WASAPI is Microsoft’s own ASIO, it talks straight to the soundcard if set to exclusive mode.

As it is exclusive mode, no other application can use the sound card.
No more system sounds at full blast over the stereo!


As WASAPI in exclusive mode talks straight to the driver of the audio device, the stream send to this device must match the capabilities of this device in terms of bit depth, sample rate, number of channels and audio format (PCM most of the time) otherwise it is silence.

The program using WASAPI can do this by configuring the audio device to match the source.
In this case we have bit perfect playback.
This allows for automatic sample rate switching as well.
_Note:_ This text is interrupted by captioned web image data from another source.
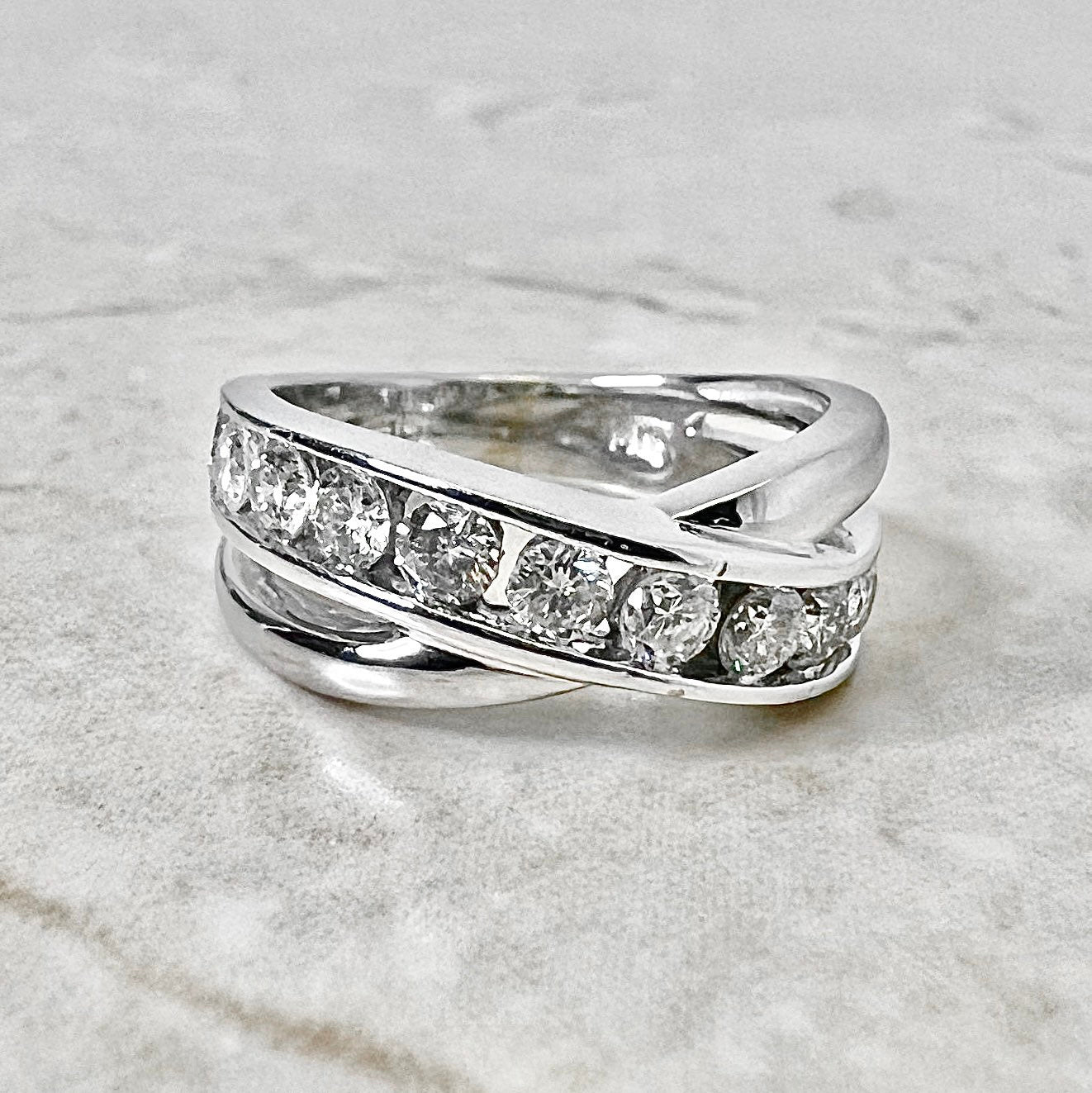 Vintage 14K Diamond Crossover Half Eternity Band Ring - White Gold Diamond Ring - Diamond Cocktail Ring - Anniversary Ring - Wedding Ring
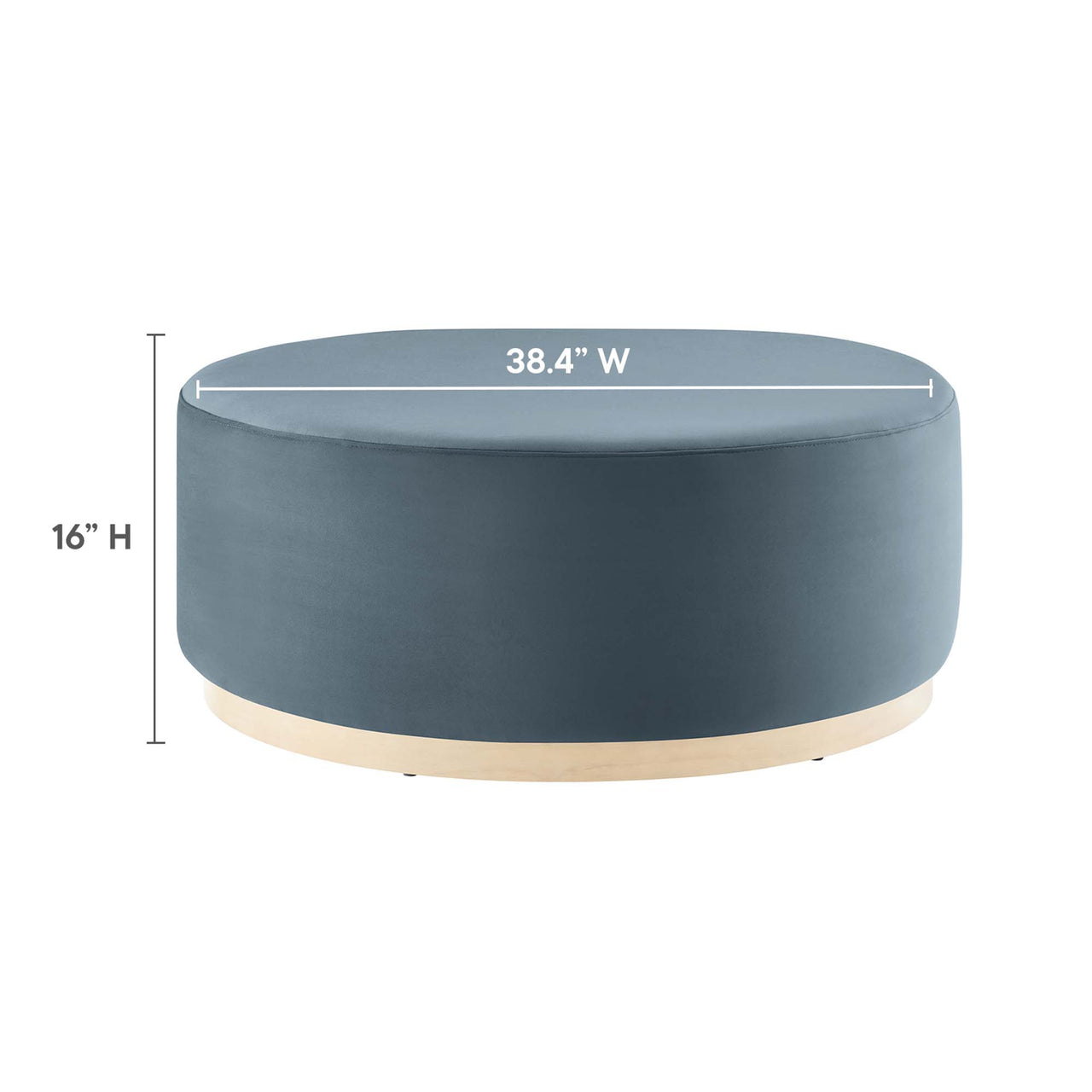 Ardena Round Velvet Ottoman, Large, Slate & Cream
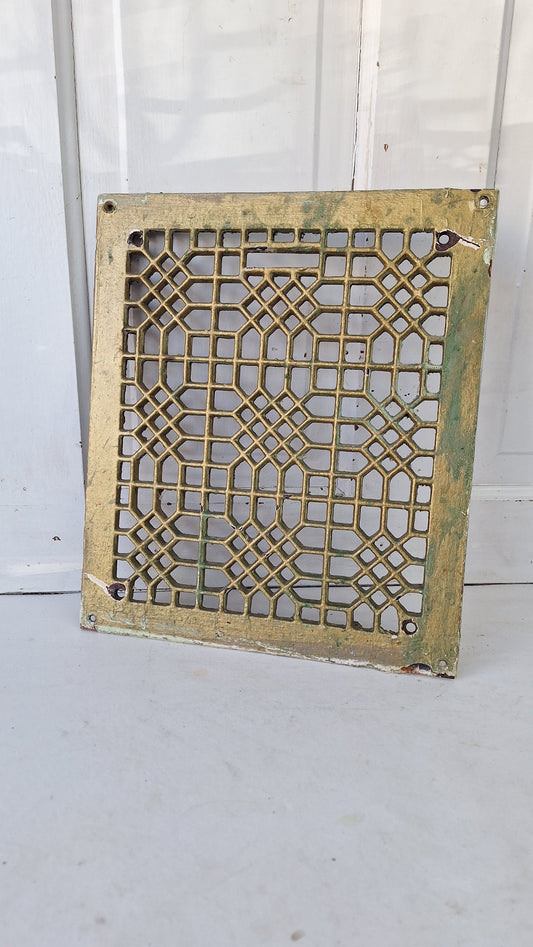 12 x 14 Antique Ornate Cast Iron Floor Grate, Register Vent Cover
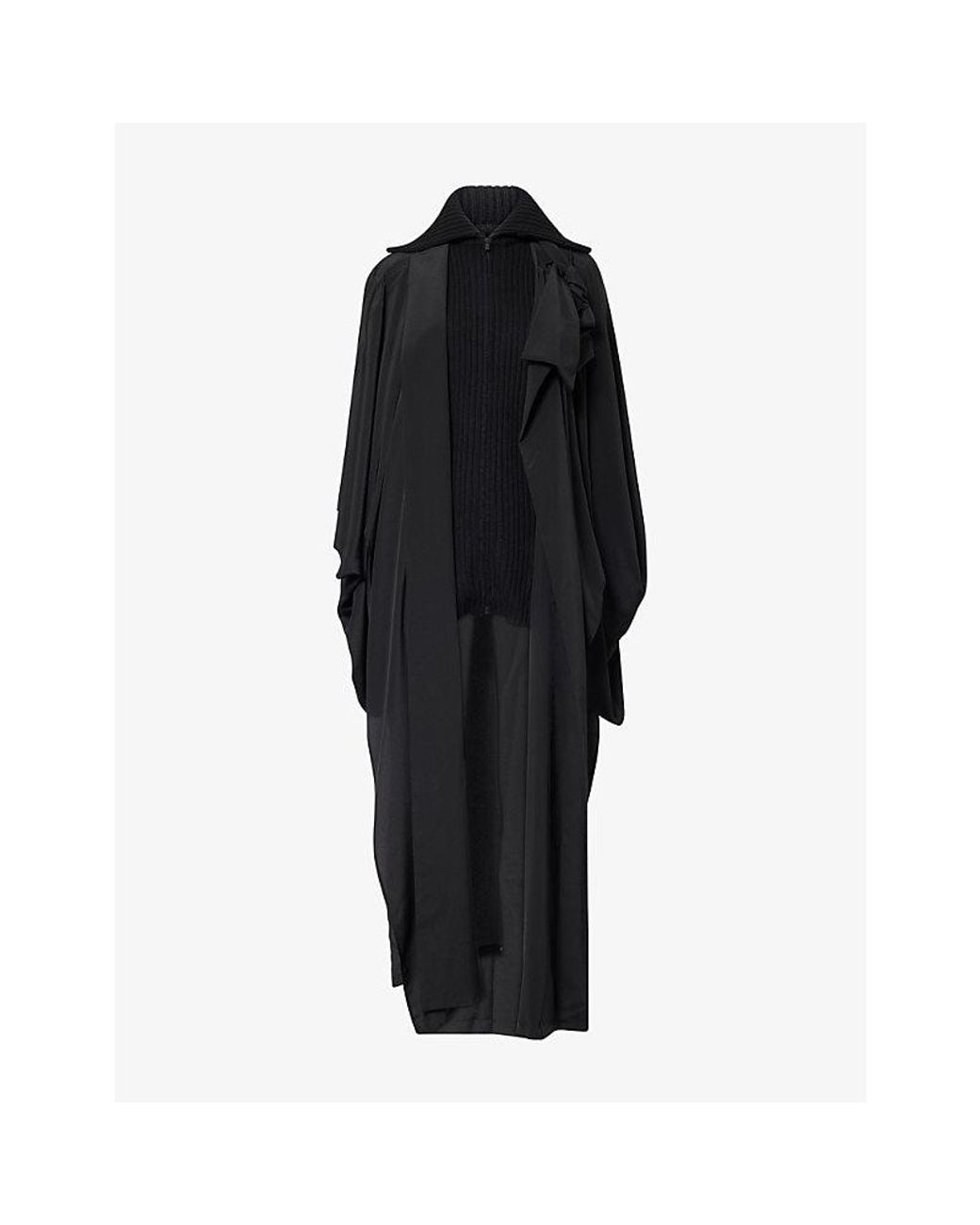 Yohji Yamamoto Black Knit Combo Kimono Coat
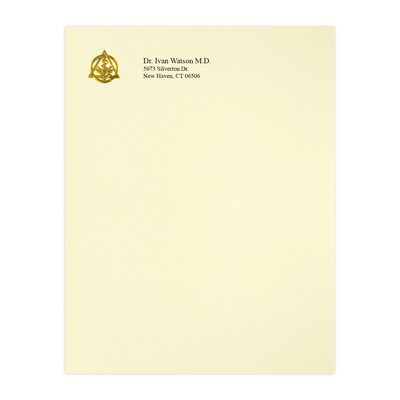 Custom 1 & 2 Color Letterhead, 8.5 x 11, CLASSIC® Laid Baronial Ivory 24#, Foil & 1 Stndrd Ink, Ra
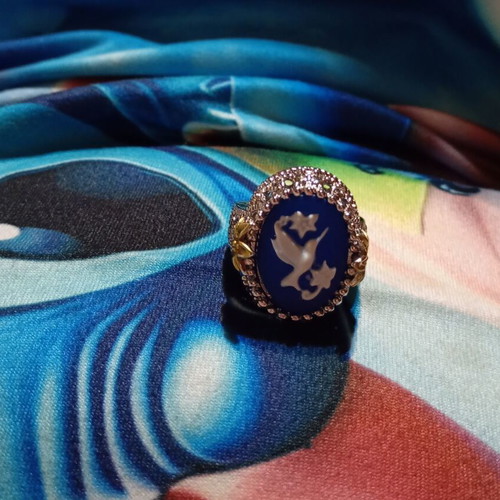 Vintage ring with blue stone and silver-gold plating new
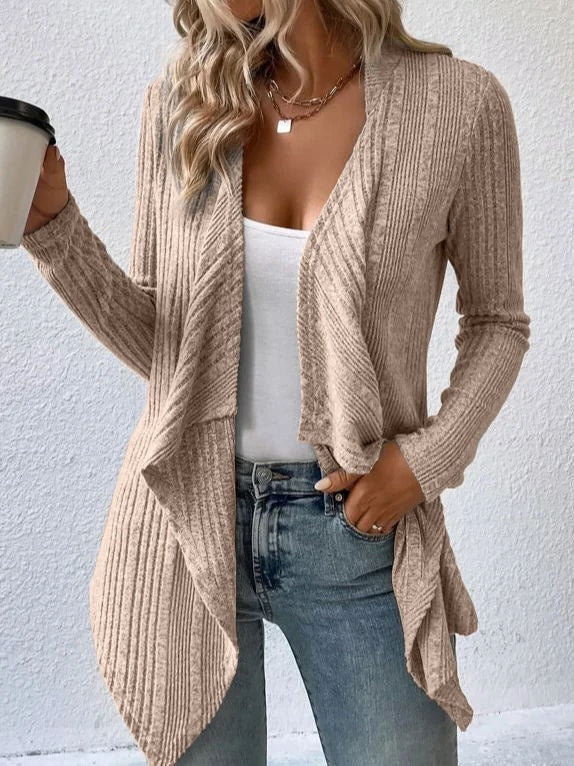 Women's Cardigan – Wool Blend – Relaxed Fit – Ribbed Knit – Open Draped Front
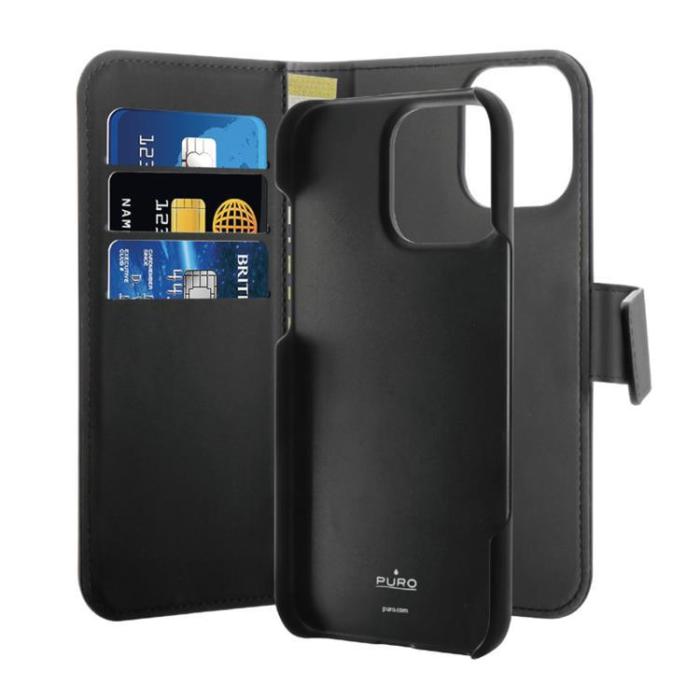Puro - Puro iPhone 16 Pro Plånboksfodral 2-in-1 Detachable - Svart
The developer can also choose to adept the source to the capabilities of the audio device.
If the source is mono and the audio device 2 channel, the developer might decide to send the same signal to both channels.
If the sample rate of the source is not supported by the hardware e.g. 192 kHz source with a 96 kHz audio device, the program using WASAPI has to do the SRC (Sample Rate Conversion).
Check if the SRC implemented by this program is an improvement compared with the SRC provided by Windows because writing a good SRC is not trivial.


Obvious using WASAPI in exclusive mode doesn’t guarantee bit perfect playback.
It is up to the developer of the media player using WASAPI to see to it that the playback is bit perfect.
Bit perfect playback is impossible by design if de properties of the audio file e.g. sample rate are not supported by the hardware.



In my perception WASAPI delivers slight improvement in sound quality. Just a little more transparency.

The downside is that is can be a hassle to get it configured right.

If you donít hear a difference you probably better stick to DS (Windows default) for a trouble free performance.